PER : le mieux est-il l’ennemi du bien ?

Par : edicom

Par Alexandre Boutin, directeur de l’ingénierie patrimoniale de Primonial

Il n’est pas toujours aisé de sourcer la réalité des chiffres de l’épargne-retraite. Pour autant, le PER créé par la loi Pacte en 2019 semble avoir rencontré son public d’épargnants.

Au 31 décembre 2023, sur la base des données des fédérations professionnelles proposant des PER qui ont été communiquées à la Direction générale du Trésor, plus de dix millions de personnes bénéficiaient de ces nouveaux plans d’épargne-retraite, avec un encours supérieur à 100 milliards d’euros.

Cette dynamique positive concerne tant les PER d’entreprise (le PERE collectif, avec 23,4 milliards d’euros d’encours, et le PER obligatoire, avec 19,5 milliards d’euros d’encours), que les PER individuels (le PERin, avec 59,9 milliards d’euros d’encours et plus de 3,69 millions de titulaires).

 

Choc de simplification

Élaborée dans un contexte de réforme des retraites inachevée (la retraite universelle), cette réussite s’explique en partie par une modernisation de la retraite par capitalisation en concertation avec le législateur, la Direction générale du Trésor et les acteurs de la distribution (assureurs, banques, gérants d’actifs).
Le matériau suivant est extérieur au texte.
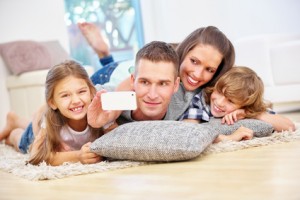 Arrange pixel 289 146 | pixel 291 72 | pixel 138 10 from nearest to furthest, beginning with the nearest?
pixel 289 146 < pixel 291 72 < pixel 138 10

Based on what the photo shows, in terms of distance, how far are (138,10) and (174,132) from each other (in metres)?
4.93

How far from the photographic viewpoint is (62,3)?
5695mm

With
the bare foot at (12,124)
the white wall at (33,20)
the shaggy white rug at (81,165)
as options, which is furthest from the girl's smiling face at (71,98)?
the white wall at (33,20)

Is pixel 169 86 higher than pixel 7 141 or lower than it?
higher

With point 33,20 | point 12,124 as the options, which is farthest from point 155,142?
point 33,20

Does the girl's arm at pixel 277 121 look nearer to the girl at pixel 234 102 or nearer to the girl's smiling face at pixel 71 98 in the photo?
the girl at pixel 234 102

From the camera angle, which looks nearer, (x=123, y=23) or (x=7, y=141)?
(x=7, y=141)

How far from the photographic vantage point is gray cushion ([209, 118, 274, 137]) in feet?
7.62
Dans ce cadre collaboratif, un travail préparatoire à l’adoption de la loi, nommé « Etude d’impact du projet de loi Pacte » du 20 juin 2018, avait dressé des constats peu flatteurs des « anciens » dispositifs d’épargne-retraite :

- la cohabitation de quatre dispositifs mal compris par les épargnants français (Madelin retraite, Perp, PERco, article 83) ;

- un niveau d’encours faible (220 milliards d’euros comparés aux 1 700 milliards de l’assurance-vie à la date de l’étude), alors que les besoins de revenus complémentaires sont reconnus par les futurs retraités ;

- des conditions de sorties rigides, principalement sous forme de rente viagère au moment du départ en retraite, mais également en cas de décès ;

- et une transférabilité (ou portabilité) limitée, alors que les carrières sont multiples dans une vie professionnelle.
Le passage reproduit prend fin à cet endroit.